Current solutions to the problem of optical character recognition (OCR) have advanced to the point where recognition rates of 99% are common for clean, uniformly formatted text. Unfortunately, the performance of most OCR algorithms degrades very rapidly when even small amounts of noise are introduced into the original document or during the scanning process. In many situations, this increased error rate quickly decreases the return on investment to the point where it is not cost-effective to integrate automated recognition technology solutions. To push this critical point lower and deal robustly with noise, OCR systems often perform some type of image enhancement as a preprocessing step.
Traditional enhancement techniques are applied at the pixel or local level and include, for example, the use of morphological operators to reduce speckle, fill small holes and smooth edges. Enhancement at the symbol level has received much less attention, but may include the identification, normalization and precise segmentation of glyphs, for example. Enhancement at the page level ideally includes the elimination of copier noise and streaks and the identification of higher-level structure.
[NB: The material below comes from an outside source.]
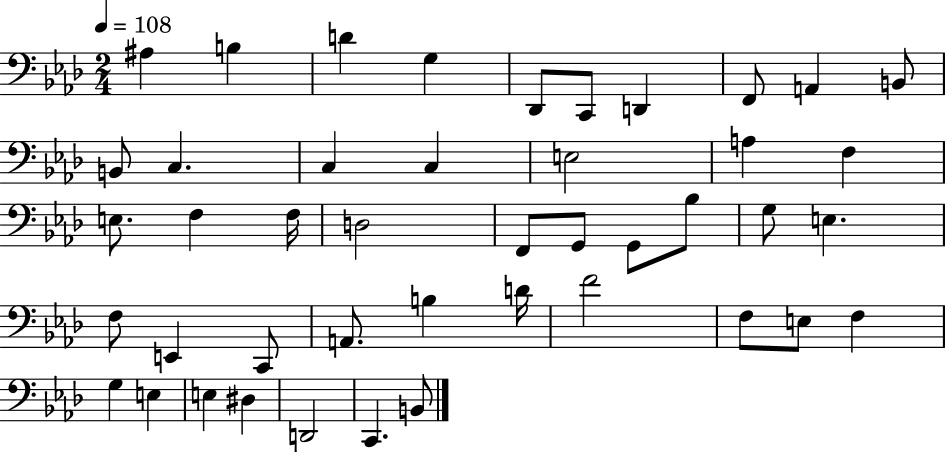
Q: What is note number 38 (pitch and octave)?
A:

In this research consider the problem of structure based document image enhancement. We will build on previous work to develop the ability to learn the symbol classes which appear in a given document. These classes can then used to enhance segmentation and symbol appearance, providing an improved version of the original document for OCR. If knowledge about the OCR system is available, the resulting document can be formatted to optimize the system's performance and statistical information about the learned classes can be provided. The general methodology is alphabet-independent, and depends only on the ability to segment the text into characters.
Noise in binary document images can be viewed as coherent or incoherent with the underlying document content. Ink blobs, salt-n-pepper, stray marks, marginal noise are, in general, independent of location, size or other properties of text data in the document image. Recorded images having this type of noise, can be expressed as the sum of true image and the noise. Such noise can also be termed as incoherent noise with respect to the content. On the other hand, when the noise is included inside the spatial frequency domain of the image and can not be suppressed without a priori knowledge of the content, it is termed as coherent noise. Blur, pixel-shift or bleed-through on other hand, manifest themselves differently depending on the content. Such coherent noise is comparatively more difficult to model, mathematically non-linear and often multiplicative.
Detection of noise is generally based on its properties like its shape, position, frequency, gray-values or periodicity of occurrence in the document. Unwanted punched holes exhibit regularity in their shapes, marginal noise show regularity in their positions, while ruled lines show periodicity in their positions and consistency in direction. On the other hand, noise such as ink blobs, complex background binarized patterns are denser than text, whereas salt-n-pepper are impulsive noise sparser than content pixels. If noise shows a consistent behavior in terms of these properties, it is easier to detect it and separate it from content. However, there has not been much work reported on the removal of noise which does not adhere to a consistent shape, position or size and which tend to interact with text in the foreground in irregular ways.